Start of Source data
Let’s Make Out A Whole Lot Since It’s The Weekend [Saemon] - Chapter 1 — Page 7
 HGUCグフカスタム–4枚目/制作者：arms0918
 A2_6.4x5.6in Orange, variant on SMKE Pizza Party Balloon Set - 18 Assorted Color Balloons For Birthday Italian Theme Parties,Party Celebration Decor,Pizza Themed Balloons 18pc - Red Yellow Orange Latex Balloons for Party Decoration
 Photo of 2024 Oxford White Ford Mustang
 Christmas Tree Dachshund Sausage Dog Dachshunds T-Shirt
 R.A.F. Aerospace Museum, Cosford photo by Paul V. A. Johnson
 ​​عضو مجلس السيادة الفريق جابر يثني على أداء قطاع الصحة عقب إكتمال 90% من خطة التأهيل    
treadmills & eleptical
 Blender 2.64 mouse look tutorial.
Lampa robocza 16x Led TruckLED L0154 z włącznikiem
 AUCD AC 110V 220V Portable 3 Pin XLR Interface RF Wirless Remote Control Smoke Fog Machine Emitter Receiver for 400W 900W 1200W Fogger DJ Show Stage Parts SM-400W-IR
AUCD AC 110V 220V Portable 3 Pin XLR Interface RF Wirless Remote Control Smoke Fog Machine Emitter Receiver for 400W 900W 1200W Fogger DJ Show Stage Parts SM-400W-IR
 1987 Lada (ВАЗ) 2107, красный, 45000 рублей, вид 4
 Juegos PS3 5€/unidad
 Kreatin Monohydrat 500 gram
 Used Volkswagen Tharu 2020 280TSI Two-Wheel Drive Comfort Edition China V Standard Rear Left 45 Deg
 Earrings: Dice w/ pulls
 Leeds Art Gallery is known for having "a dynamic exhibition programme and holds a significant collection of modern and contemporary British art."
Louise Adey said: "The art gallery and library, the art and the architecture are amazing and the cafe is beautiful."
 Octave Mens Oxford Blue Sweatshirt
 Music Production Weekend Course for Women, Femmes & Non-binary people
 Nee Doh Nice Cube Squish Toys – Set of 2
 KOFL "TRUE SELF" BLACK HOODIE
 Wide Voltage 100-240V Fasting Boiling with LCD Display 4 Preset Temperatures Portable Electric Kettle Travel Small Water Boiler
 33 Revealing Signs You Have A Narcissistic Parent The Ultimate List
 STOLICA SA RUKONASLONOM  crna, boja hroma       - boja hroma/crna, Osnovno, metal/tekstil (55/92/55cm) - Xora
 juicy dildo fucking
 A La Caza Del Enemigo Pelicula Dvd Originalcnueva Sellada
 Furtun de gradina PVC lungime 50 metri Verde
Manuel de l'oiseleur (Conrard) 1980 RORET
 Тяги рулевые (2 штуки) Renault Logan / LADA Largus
End of Source data
• **Task statement**:
Only one stretch of the entries above is wanted: the lines from the one containing "HGUCグフカスタム–4枚目/制作者：arms0918" through the one containing "R.A.F. Aerospace Museum, Cosford". Please reproduce it exactly.

• **Answer box**:
 HGUCグフカスタム–4枚目/制作者：arms0918
 A2_6.4x5.6in Orange, variant on SMKE Pizza Party Balloon Set - 18 Assorted Color Balloons For Birthday Italian Theme Parties,Party Celebration Decor,Pizza Themed Balloons 18pc - Red Yellow Orange Latex Balloons for Party Decoration
 Photo of 2024 Oxford White Ford Mustang
 Christmas Tree Dachshund Sausage Dog Dachshunds T-Shirt
 R.A.F. Aerospace Museum, Cosford photo by Paul V. A. Johnson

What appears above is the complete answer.